_DATA BELOW_
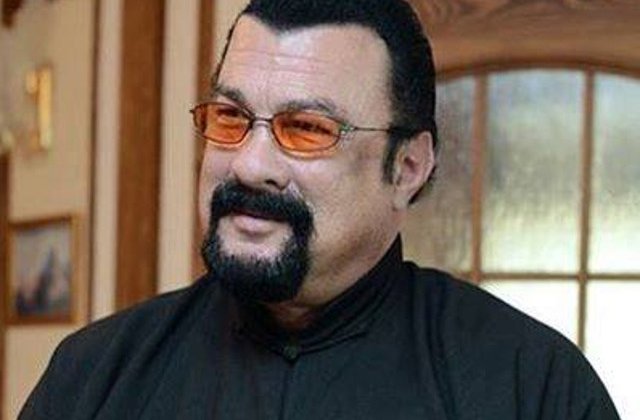 Actorul Steven Seagal a primit cetatenia rusa
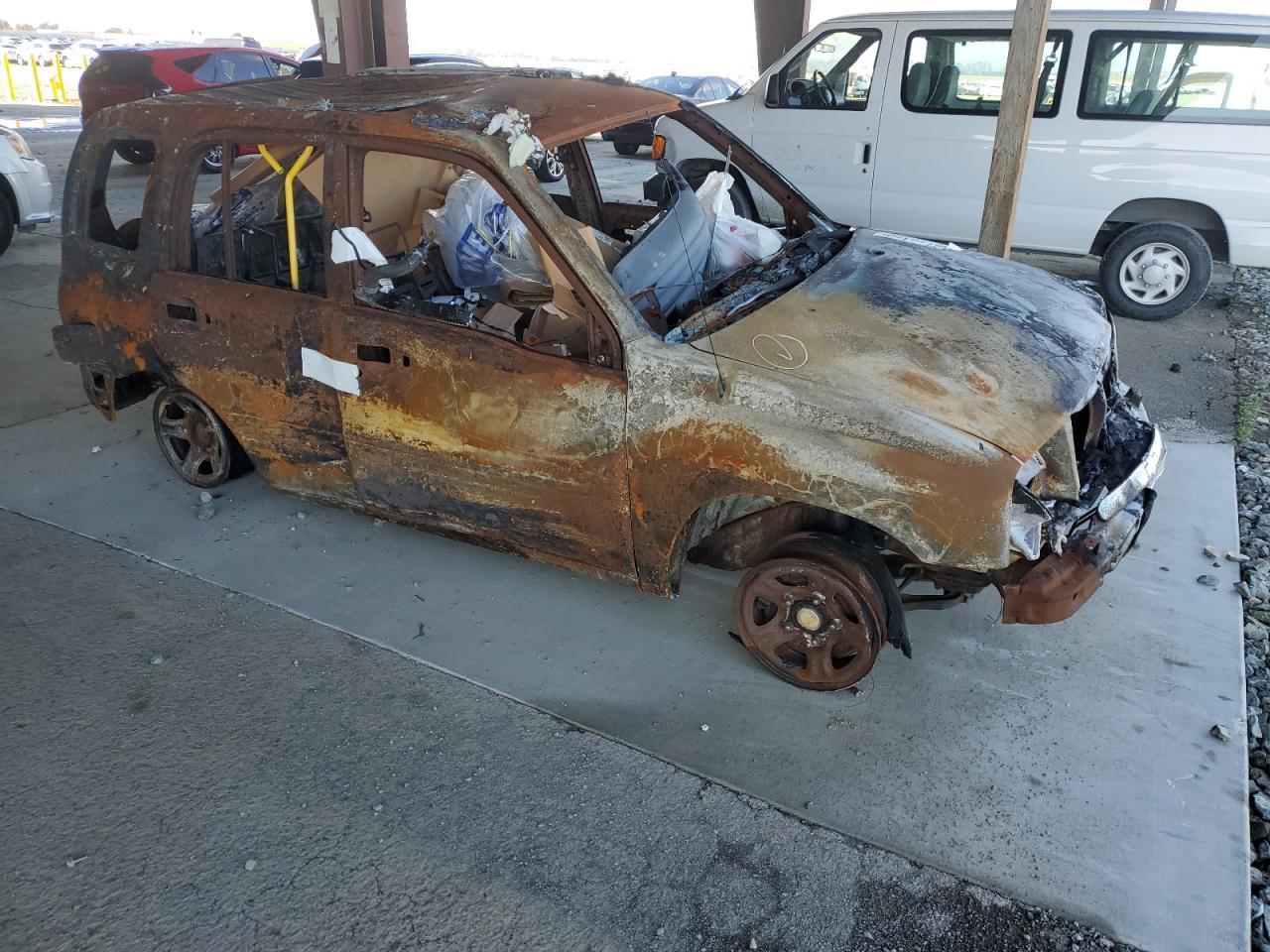 2002 Chevrolet Tracker - Image 4
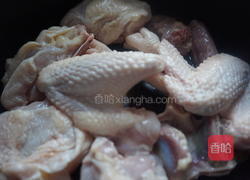 冬天补身必喝这碗汤——黄芪红枣炖鸡汤的做法图解3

_PROBLEM REQUIREMENTS_
What do the lines above say from the line containing "2002 Chevrolet Tracker - Image 4" through the last line? Quote them exactly, both ends included, and leave out the pictures.

_TASK RESPONSE_
 2002 Chevrolet Tracker - Image 4
 冬天补身必喝这碗汤——黄芪红枣炖鸡汤的做法图解3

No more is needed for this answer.